Data computing equipment at reactor at NASA Plum Brook Station circa 1960.

Photo Credit: NASA

One question I repeatedly receive from employees at NASA is, “Why can’t I ever find what I need?” People are accustomed to instant access to information from the World Wide Web through the multitude of search engines available. They cannot understand why it is so difficult to replicate this ease of access at work. The short answer: numbers. Google, for example, indexes billions of URLs and documents and accepts 5 billion queries per day. Those huge numbers make it possible for them to continually refine their search capabilities. At Johnson Space Center (JSC), our search infrastructure indexes less than 1/10 of our known data and accepts a few thousand queries per month. Even if we could afford to index all the millions of documents JSC has, I am not convinced our search results would greatly improve, because the query sample set would remain small. Given this problem, the NASA-JSC Knowledge Management office has embarked on a project to improve the accessibility and visibility of critical data at NASA. The project is broken down into three phases:

  1. Understand the employee base.
  2. Research and evaluate search methodologies.
  3. Provide data-driven visualization.

The need to improve search at NASA is clear and critical. A recent report by IHS, a company providing business information and analytics, underscores my greatest concerns for the NASA workforce. It reveals that an engineer’s average time spent searching for information has increased 13 percent since 2002. Additionally, 30 percent of total R&D spent is wasted on duplication of research and work previously done, and 54 percent of decisions are made with incomplete, inconsistent, and inadequate information. I fear the problem is only growing as the quantity and complexity of information continue to increase. According to Gartner, the world’s leading information technology research and advisory company, the amount of available data will increase 800 percent by 2018 and 90 percent of it will be unstructured. Our project seeks a NASA-specific solution to the problem.

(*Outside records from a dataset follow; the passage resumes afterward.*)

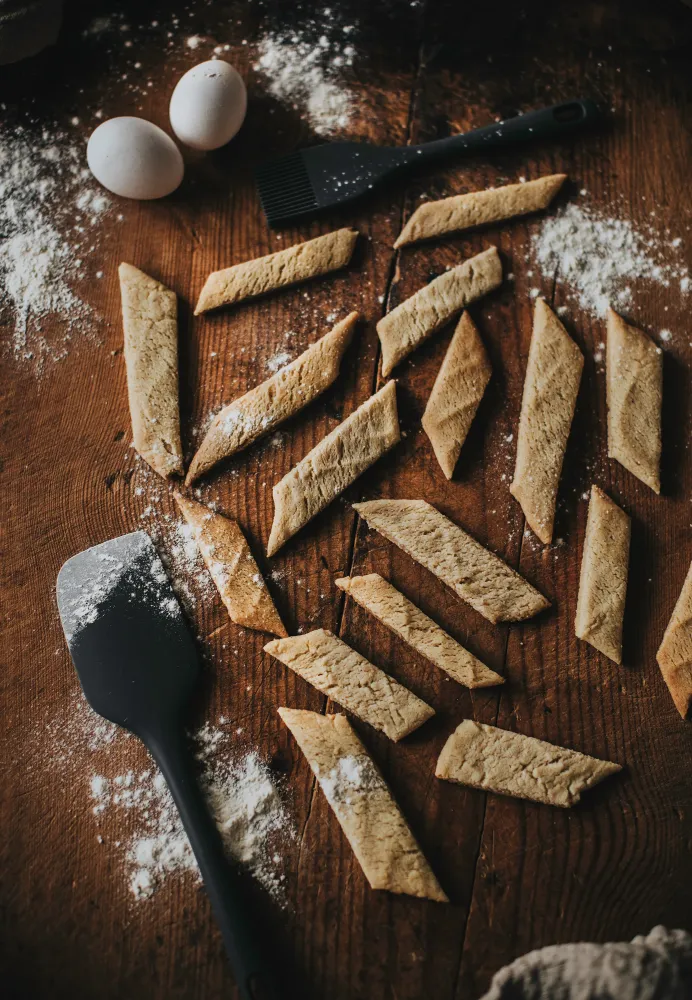 Cookie Bakpensel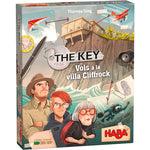 Haba - The key - vol à la villa clifford
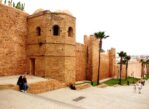 Rabat. Czwarta, współczesna stolica Maroka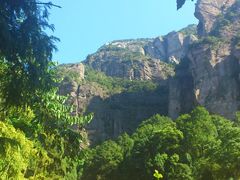 -雁荡山风景名胜区-小龙湫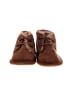 Unbranded Brown Booties Size 4 - 5 Kids - photo 2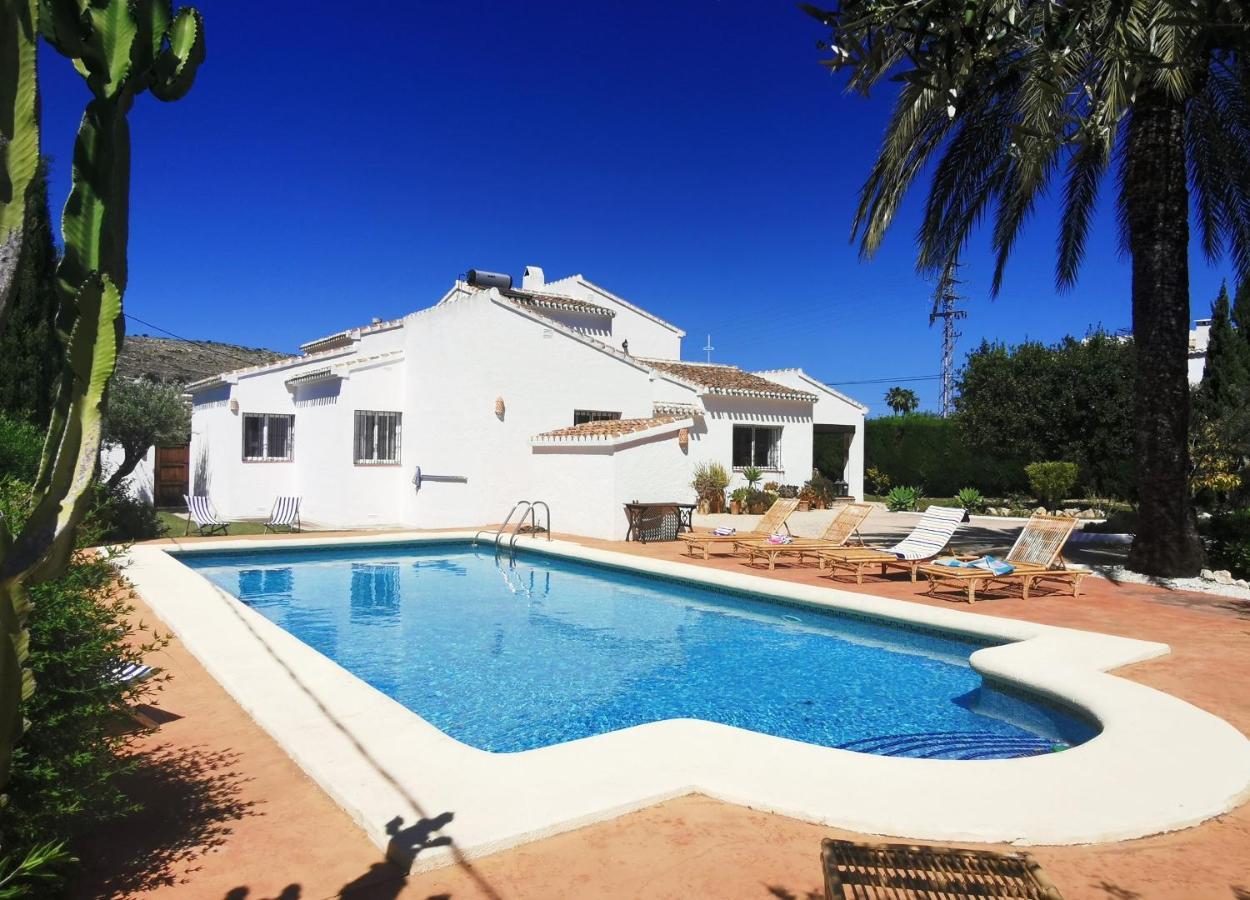 Casa Grande Jávea Exterior foto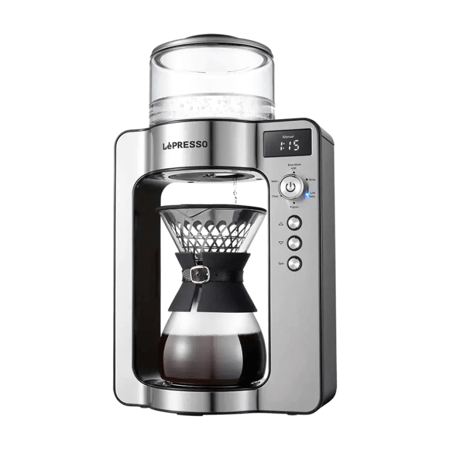 آلة تقطير قهوة الكتروني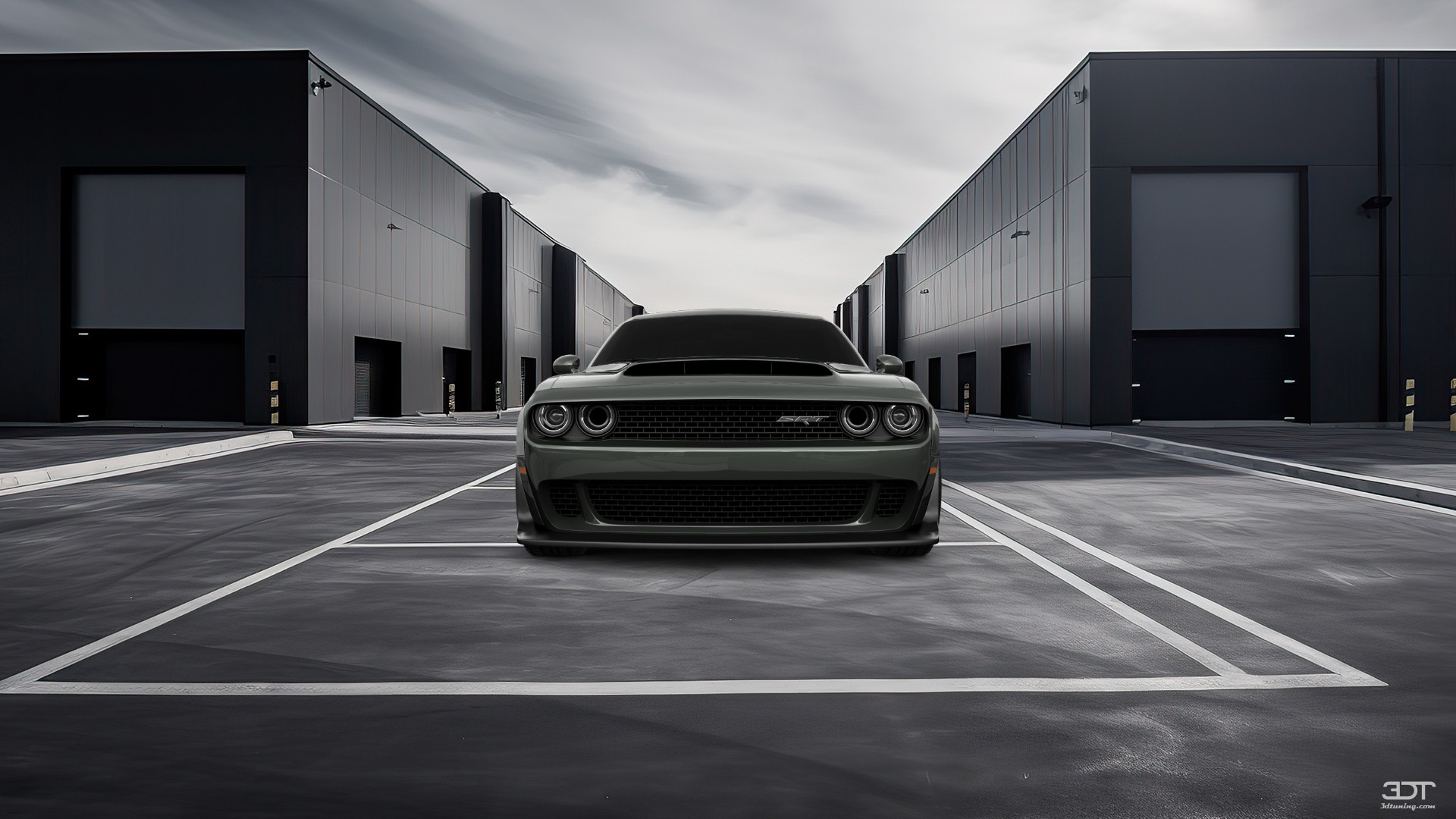 Dodge Challenger 2 Door Coupe 2015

To understand the employee base, we conducted interviews to understand their needs and frustrations. We learned that employees with different common job profiles search differently. For example, a scientist or researcher typically explores data looking for common themes and connections, while an engineer or project manager is more likely to be looking for specific answers to pressing questions. A semantic approach—one that considers context and related terms to determine meaning—is more useful for the former, while a computational or cognitive approach is more useful for the latter. Our team then set out to develop use cases for the identified job profiles to determine what they searched for, how they wanted results presented, and where the content they searched for was located. That process led us to identify both the data critical to our users and the authoritative sources for the data.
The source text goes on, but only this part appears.